Danıştay Kararı 11. Daire 1997/4635 E. 1999/136 K. 13.01.1999 T.

11. Daire         1997/4635 E.  ,  1999/136 K.
T.C.
D A N I Ş T A Y
ONBİRİNCİ DAİRE
Esas No : 1997/4635
Karar No: 1999/136

Temyiz İsteminde Bulunan : Polatlı Vergi Dairesi Müdürlüğü-ANKARA
Karşı Taraf …

İstemin Özeti : 1994 yılına ilişkin defter ve belgelerini incelemeye ibraz etmeyen yükümlünün katma değer vergisi indirimleri kabul edilmemek suretiyle 1994/Ağustos dönemi için tarhiyat yapılmış ve kaçakçılık cezası kesilmiştir.
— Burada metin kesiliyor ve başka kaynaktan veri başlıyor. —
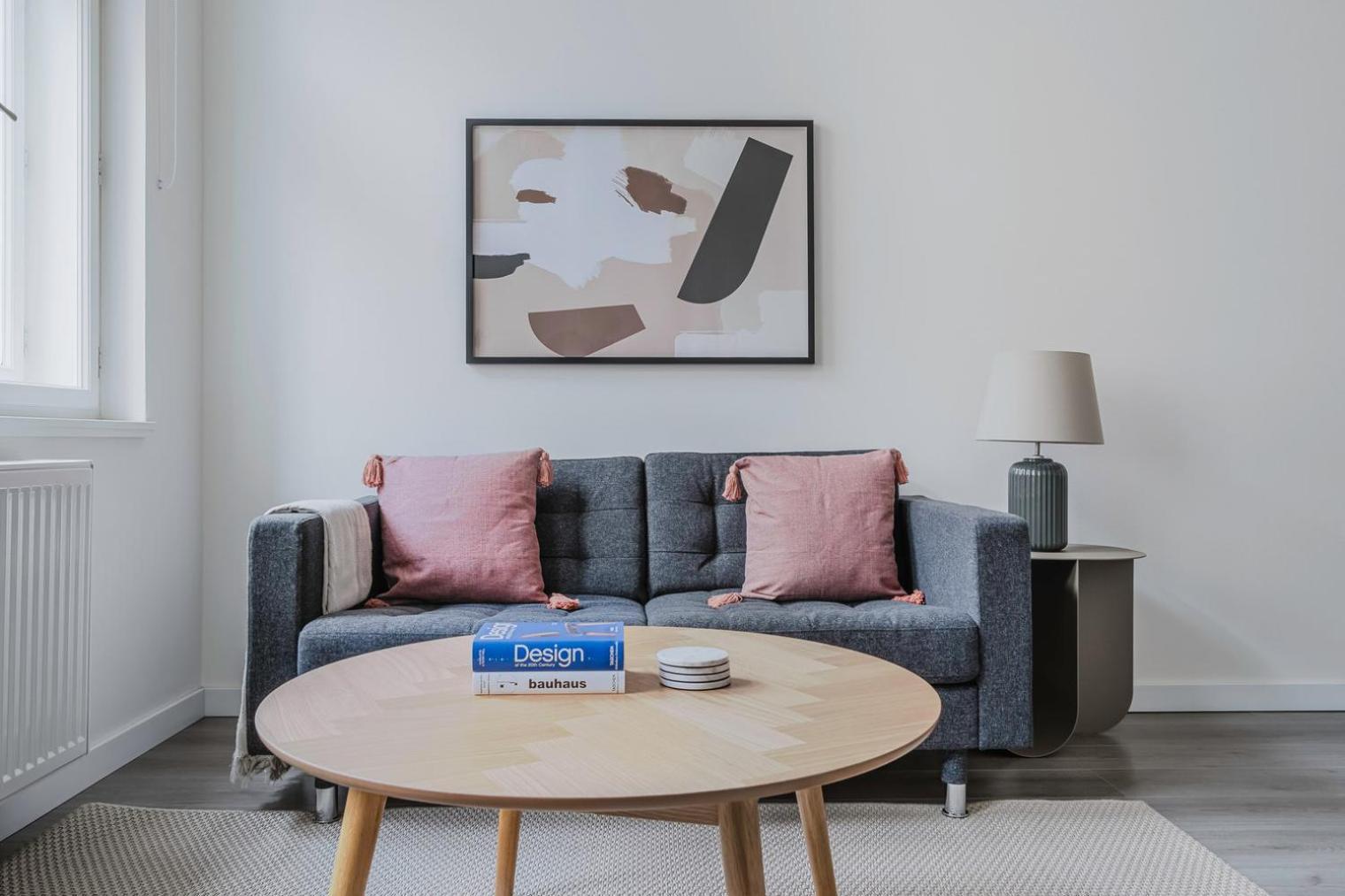 Blueground Zizkov Renovated Nr Universities Prg-35 Apartamento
Kaçakçılık cezasına karşı açılan davada … Vergi Mahkemesi … gün ve E:…, K:… sayılı kararıyla; 213 sayılı Yasanın 139. maddesinde vergi incelemelerinin incelemeye tabi olunan işyerinde yapılacağı, iş yerinin müsait olmaması, ölüm, işin terk edilmesi gibi zaruri durumlarda incelemenin dairede yapılacağı, bu takdirde incelemeye tabi olunan lüzumlu defter ve vesikalarını daireye getirilmesi kendisinden yazılı olarak isteneceginin hükme bağlandığı dolayısıyla inceleme elemanınca mükellefe incelemenin yapılacağı yer hususundaki isteği sorulmadan, işyerinin incelemeye müsait olmadığı saptanmadan, defter ve belgelerin incelenmek üzere daireye ibrazının istenmesinin yasaya aykırı olduğu, olayda re’sen tarh sebebinin bulunmadığı gerekçesiyle kesilen kaçakçılık cezasını kaldırmıştır. Vergi dairesi müdürlüğü kaçakçılık cezısının yasaya uygun olduğunu ileri sürerek, mahkeme kararının bozulmasını istemektedir.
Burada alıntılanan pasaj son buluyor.